Contemplation des œuvres d'art de Rémy Trevisan
sur l'exposition à Tuttlingen
D
u 18 juin au 18 juillet 2004, Kunstkreis Tuttlingen

Quelle est la meilleure façon d’approcher l’œuvre de Rémy Trevisan ?

Est-ce celle de l’histoire de l’art ?
En ce cas, on le situerait certainement dans la tradition du tachisme et grosso modo, des années cinquante, tout en faisant remarquer que le travail de Trevisan a peu en commun avec l’expressionnisme abstrait d’un Jackson Pollock, par exemple. Pas d’expression spontanée de soi mais une recherche savante de l’équilibre des formes, des mouvements et des couleurs.

On pourrait aussi lui trouver de vrais précurseurs, tels l’Américain Marc Tobey, mort à Bâle, dont le projet comme celui de Trevisan était d’ajouter à l’art la dimension du spirituel et qui comme lui, utilisait la technique de l’all over . Avec un peu de mauvaise volonté, on pourrait même être tenté de qualifier Trevisan d’attardé, par comparaison avec les artistes contemporains qui à grand renfort de citations photographiques ou vidéo, de techniques informatiques, pratiquent cet « art conceptuel » lentement ubiquitaire, tentant ainsi de sauver la peinture, le tableau, d’une mort annoncée.

Rémy Trevisan est à mille lieues de cela.

Mais abandonnons pour le moment la perspective de l’histoire de l’art, qui ne nous permet pas vraiment de cerner l’œuvre. Laissons-nous entraîner vers l’Océan indien, dans une histoire assez aventureuse.

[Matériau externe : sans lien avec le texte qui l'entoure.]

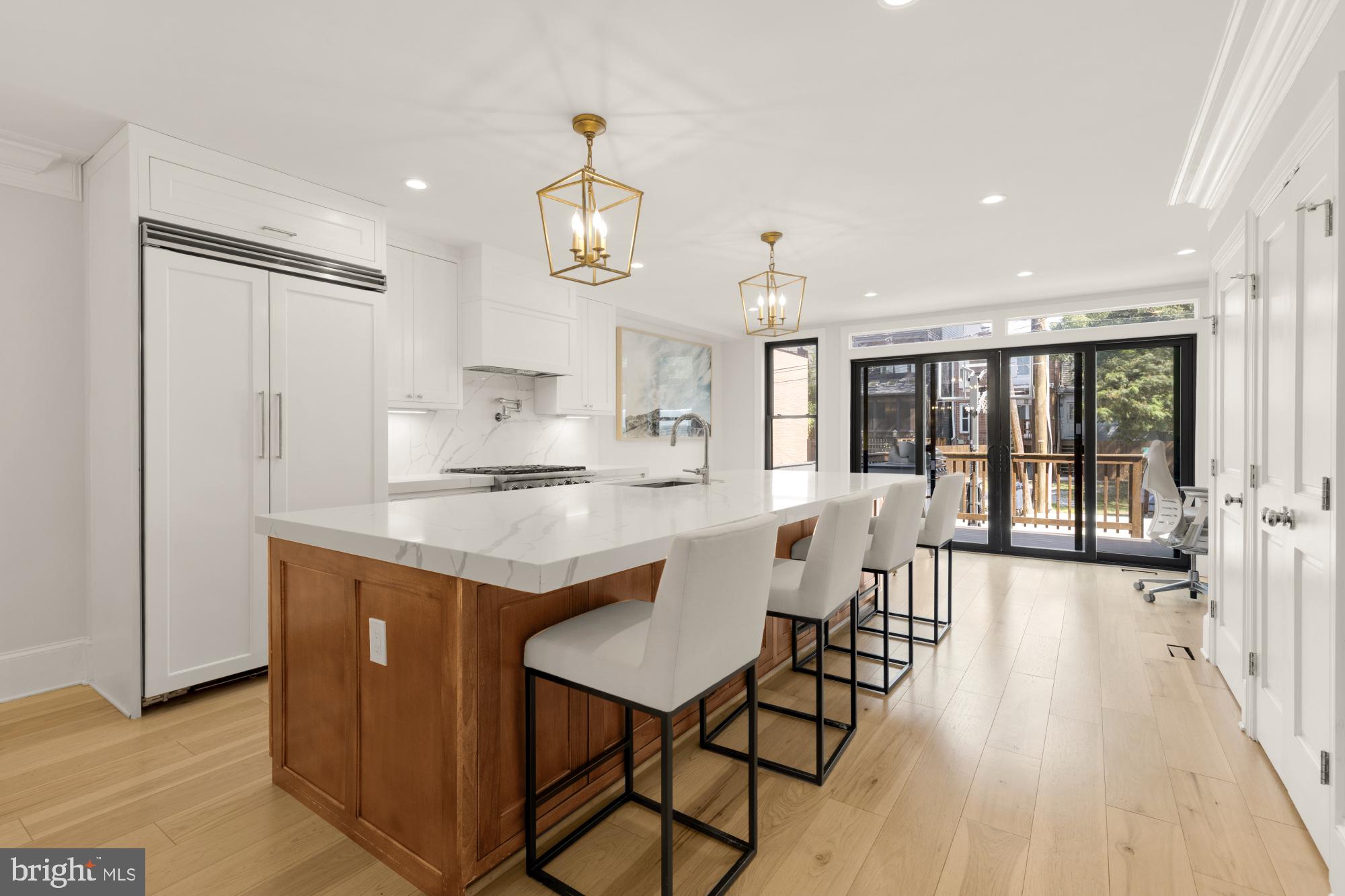 3705 Reservoir Road Northwest Washington, DC 20007 - Photo 11 of 45 a kitchen with stainless steel appliances kitchen island granite countertop a table chairs and a refrigerator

Sur un cargo douteux qui le transporte de Mombasa à Singapour, voici un jeune homme en quête d’horizons lointains et surtout de lui-même. La traversée est une torture : on affame le passager avec une ration d’une tranche de pain par jour. S’il y a de la viande, c’est du chien.

Des pirates montent à bord, s’emparent du cargo avec la bénédiction du capitaine corrompu. Malgré le tumulte, quelque part entre ciel et mer, entre l’Asie et l’Afrique, le jeune homme de 21 ans a une sorte de vision. Il sera peintre. Souvenir de Trevisan : la lumière rouge du soleil couchant paraissait n’émaner d’aucun point de l’horizon, elle était tout autour de lui.

Et enfin l’Inde. Trevisan est subjugué par la puissance de rituels insolites et l’intuition des vérités de la sagesse hindouiste, telle celle-ci : le brahman est en même temps atman – transcription occidentale : « Dieu et l’âme individuelle ne font qu’un ».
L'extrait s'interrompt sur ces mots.